To delete the CronJob object, you can run the following:
export NAMESPACE=YOURNAMESPACE
oc delete -n $NAMESPACE cronjob backup-postgres
Using the schedule "0 8 * * *"
, the cronjob will run with a new pod at 1 AM daily. However, manual runs can also be done if you're looking to get an immediate snapshot of the state of the database (potentially for auditing or restore/migration operations). You can manually run the cronjob controller with the following:
export NAMESPACE=<YOURNAMESPACE>
oc create -n $NAMESPACE job --from=cronjob/backup-postgres "backup-postgres-manual-$(date +%s)"
If the backup runs successfully, it will show as 'Completed', and you can inspect the logs.
Make sure to clean up your temporary pod when you are done with the following:
export NAMESPACE=<YOURNAMESPACE>
# Note: When there are no jobs to delete, you will get an error for oc delete.
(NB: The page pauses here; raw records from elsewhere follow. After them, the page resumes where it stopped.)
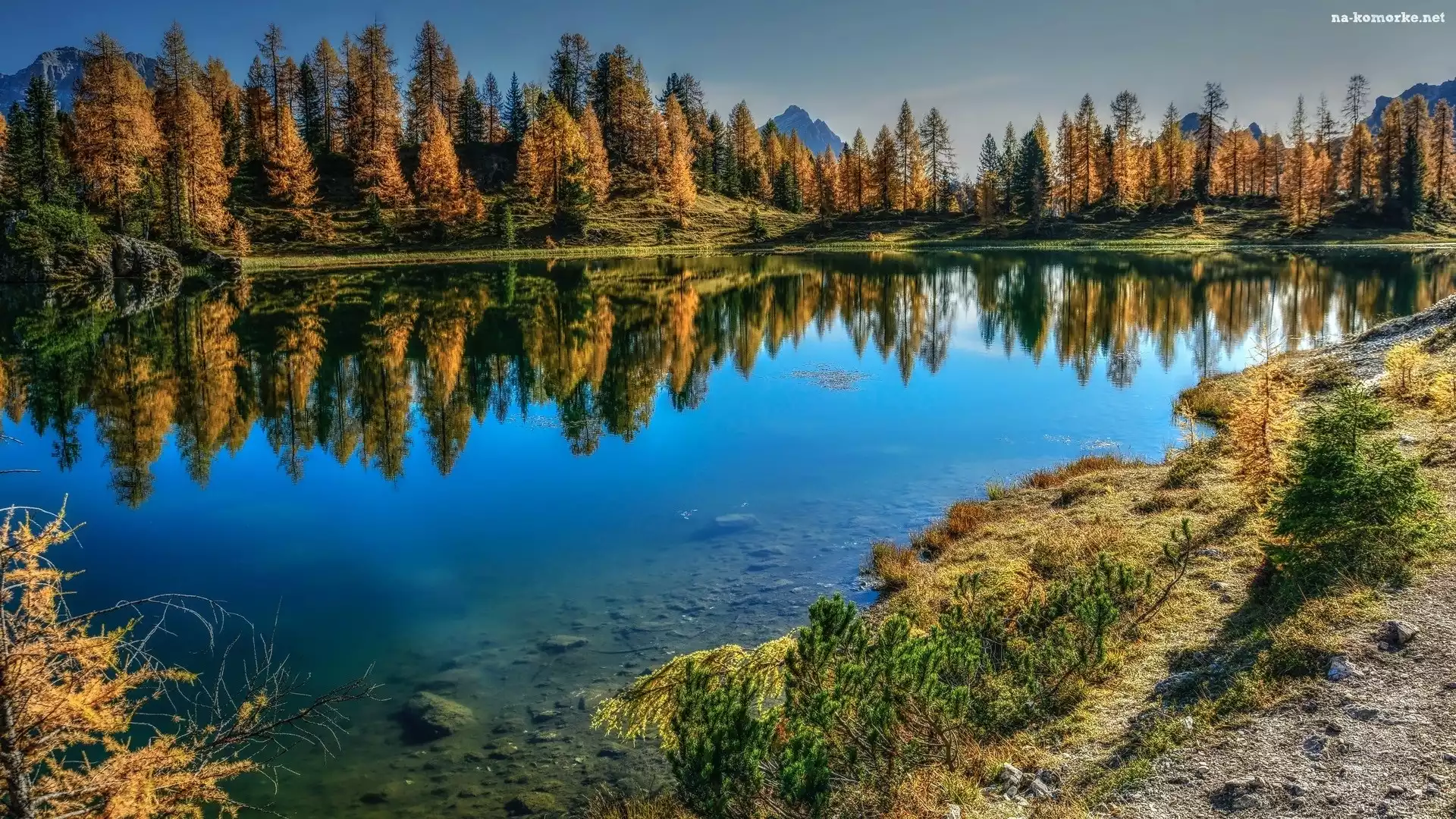 Góry, Modrzewie, Drzewa, Jezioro, Żółte, Włochy, Jesień, Lago Federa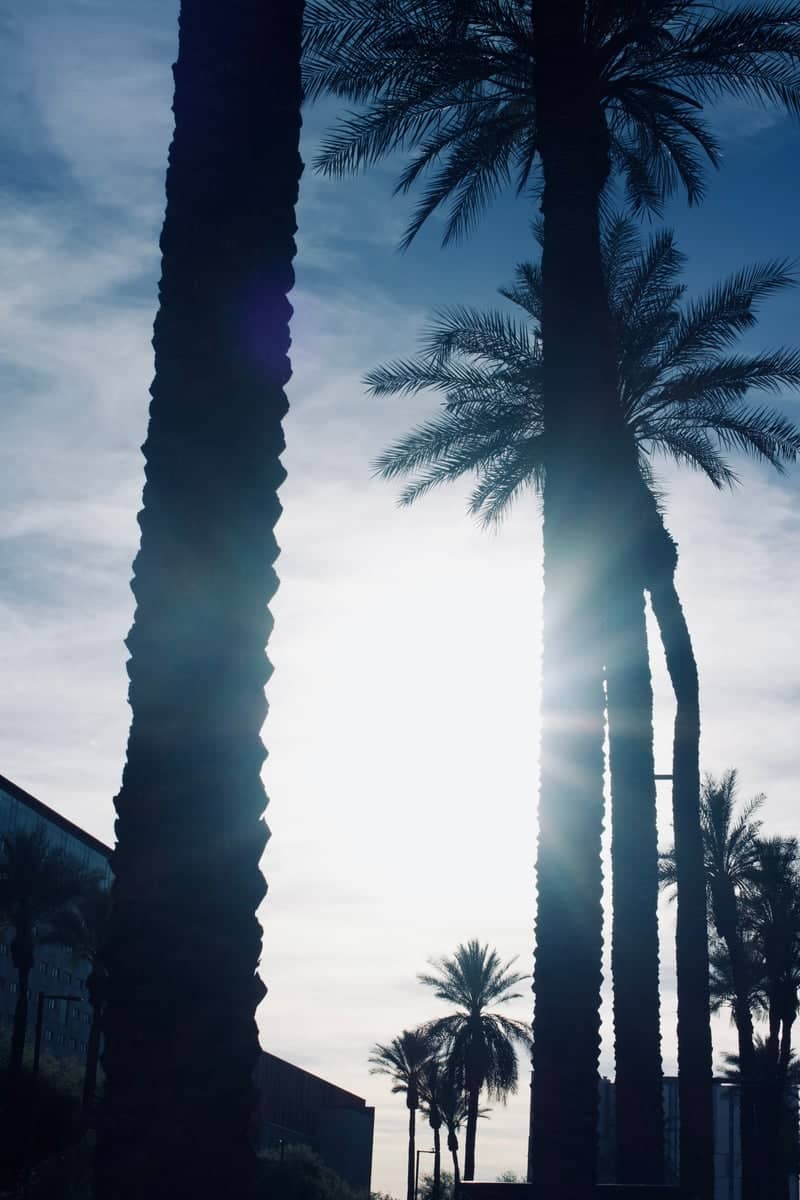 Buckeye Palm Silhouettes - Image 1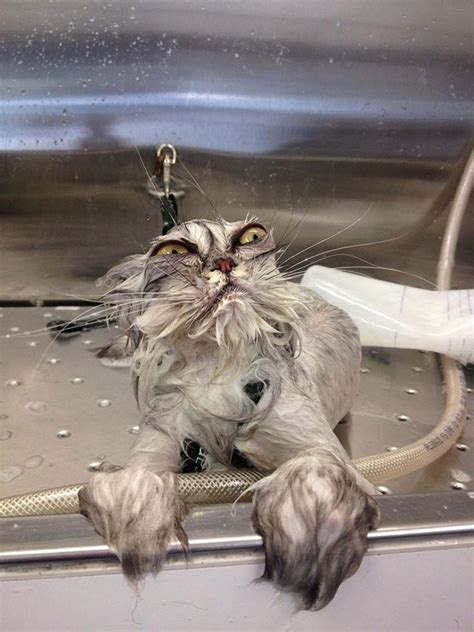cats that are soggy on Tumblr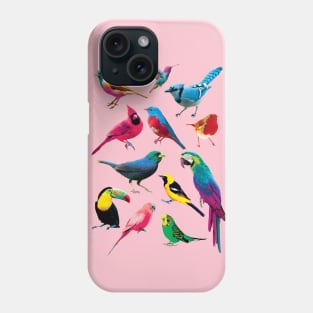 Colorful Birds Phone Case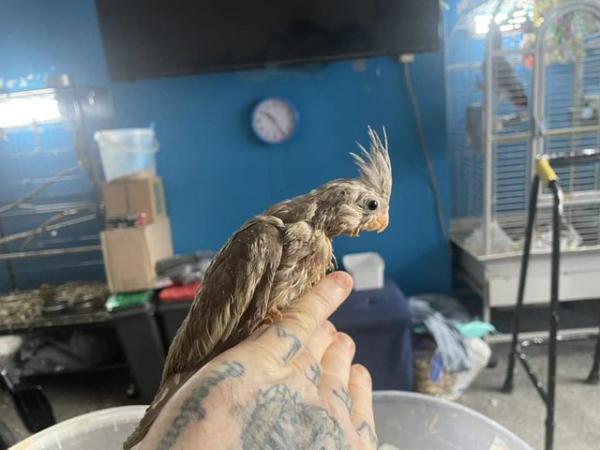 Image 9 of Hand reared Cockatiels, can come with brand new cage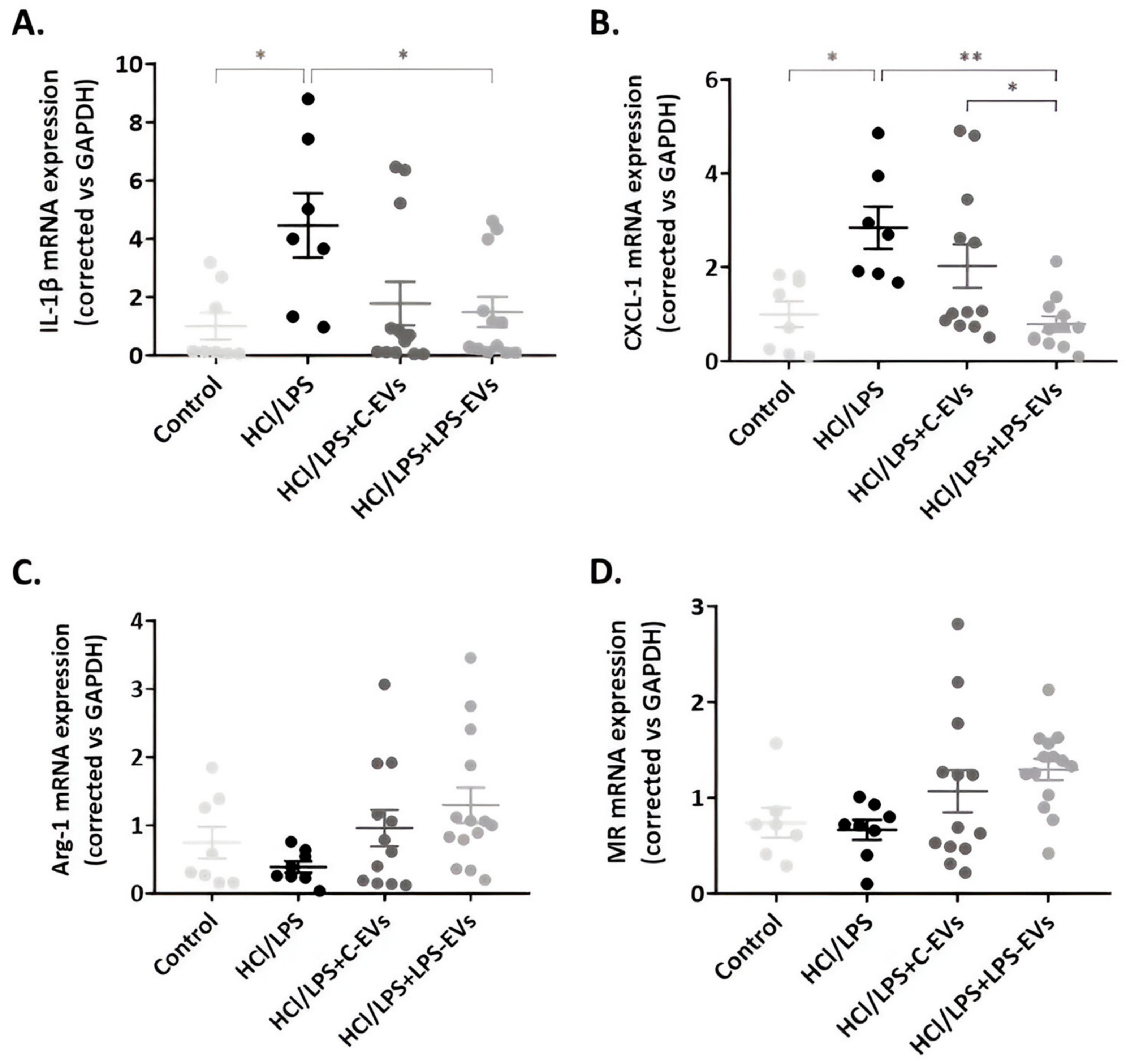 Pharmaceutics 16 01316 g008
oc get job -n $NAMESPACE -o name | grep -F -e '-manual-' | xargs oc delete -n $NAMESPACE
While there exists documentation on how to leverage the backup-container to perform a restore here, because we are running the backup in cron mode, there will not be any long-running pod containers that you would be able to oc rsh
into. Because of this, we will need to manually connect to our database and perform the restore procedure ourselves.
If the database in question is being regularly backed up with the backup-container, we can leverage the dump generated by that cronjob to perform the restore. In order to get the backup files, we will need to debug the pod representing the latest run of the cronjob. The following command will figure out which is the most recent pod, and start up a debug instance of it:
export NAMESPACE=<YOURNAMESPACE>
oc debug -n $NAMESPACE $(oc get -n $NAMESPACE pods -o name | grep "backup-postgres" | tail -n1)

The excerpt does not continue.